## DEV Community

Sam Sedighian

Posted on • Originally published at Medium

# Everything you need to know about NaN in JavaScript

`NaN` is a global property that represents the value of Not-A-Number, hence the name. It is possible to get the value `NaN` returned when doing an arithmetic operation or coercing some value to a number. Here are some operations that result in `NaN`

``````0 / 0; // NaN
Infinity / Infinity; // NaN
1 / undefined; // NaN
undefined / 1; // NaN

// [almost] all arithmetic operation involving NaN

NaN + 1; // NaN
NaN - 1; // NaN
NaN * 1; // NaN
NaN / 1; // NaN
NaN ** 1; // NaN
NaN % 1; // NaN
// with the exception of
NaN ** 0; // 1

// Finally, coercing any value that does not have a numeric value

parseInt('hi', 10); // NaN
parseFloat(undefined); // NaN
+"hi"; // NaN
Number({}); // NaN
"hi" - 1; // NaN
"hi" * 1; // NaN
"hi" / 1; // NaN
"hi" % 1; // NaN
"hi" ** 1; // NaN
``````

it is worth mentioning that most of the confusion about `NaN` comes from the behavior of coercing a non-numeric-value to a numeric-value which results in `NaN`. For this reason, I recommend getting yourself familiarized with the last few examples from the code above and better yet why some values such as booleans, `[1]` and `''` do not result in `NaN`

### Interesting facts about `NaN`

`NaN` has a bad reputation for being tricky, however, if you familiarize yourself with the following few facts you will be able to work with `NaN` with no issue.

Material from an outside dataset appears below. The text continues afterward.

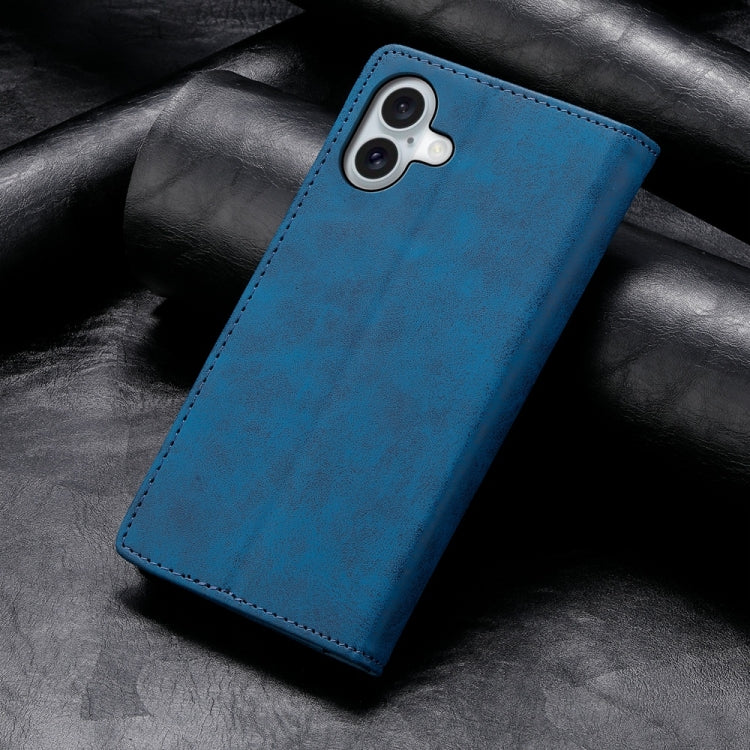 For iPhone 16 Plus Business Solid Color Magnetic RFID Leather Phone Case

`NaN` unlike it's name is actually from the type Number

``````typeof NaN; // 'number'
``````

`NaN` Has a falsy value

``````Boolean(NaN); // false
``````

`NaN` is the only value in JavaScript that does not equal itself. Hint: this will become useful later on.

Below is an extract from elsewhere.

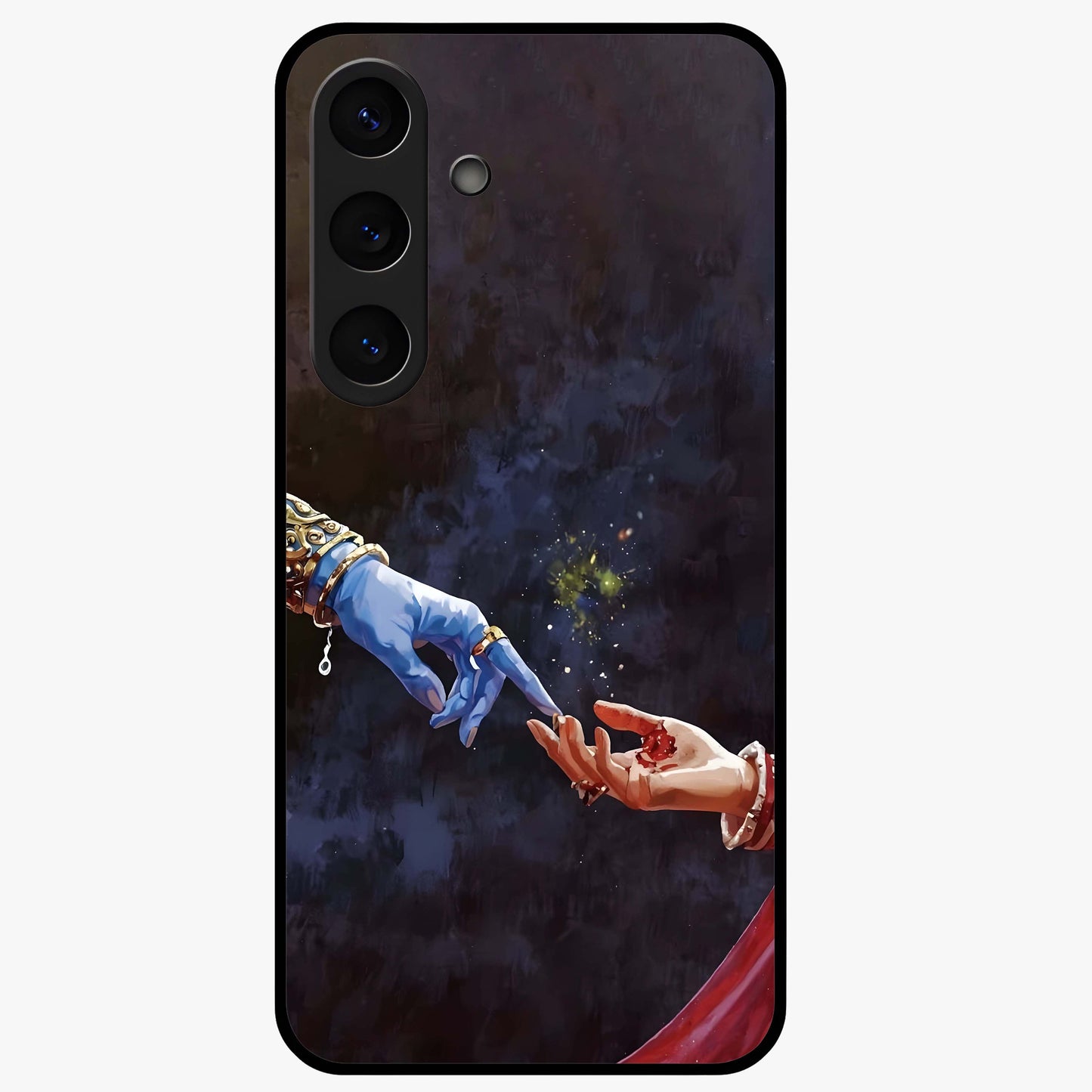 Divine Touch Eternal Glass Case showing flat back view with spiritual themed artwork and glossy glass finish.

``````NaN === NaN; // false
NaN == NaN; // false
NaN !== NaN; // true

// No, it is not pointing to a differnt NaN object (no such thing)
const iAmNaN = NaN;
iAmNaN == iAmNaN; //false
``````

You can access `NaN` in four different ways.

``````NaN;
this.NaN;
globalThis.NaN;
Number.NaN
``````

Avoid comparisons with `NaN`

``````NaN > 0; // false
NaN >= 0; // false
NaN < 0; // false
``````

### Let's look at an example

Let's say we have a function that takes one argument and increments it by `10` . We want to accept both numbers and strings representing a number so we will use `parseFloat`

``````const incrementByTen = function(val) {
const n = parseFloat(val, 10);
return n + 10;
};

incrementByTen(0); // 10 ✅
incrementByTen('2.3'); // 12.3 ✅

/*
result of parseFloat will be NaN in examples below
hence the addition operations will also return NaN
*/
incrementByTen(NaN); // NaN ❌
incrementByTen(false); // NaN ❌
incrementByTen({}); // NaN ❌
incrementByTen([]); // NaN ❌
incrementByTen('a'); // NaN ❌
incrementByTen(true); // NaN ❌
incrementByTen(['a', 1]); // NaN ❌
``````

We just learned there are plenty of arguments which would result in `NaN`. Perhaps a better way to handle this is to throw an error for those cases. However, as we learned earlier the usual comparisons will not work for `NaN` as we can see below. For this reason, we will use the global function `isNaN`.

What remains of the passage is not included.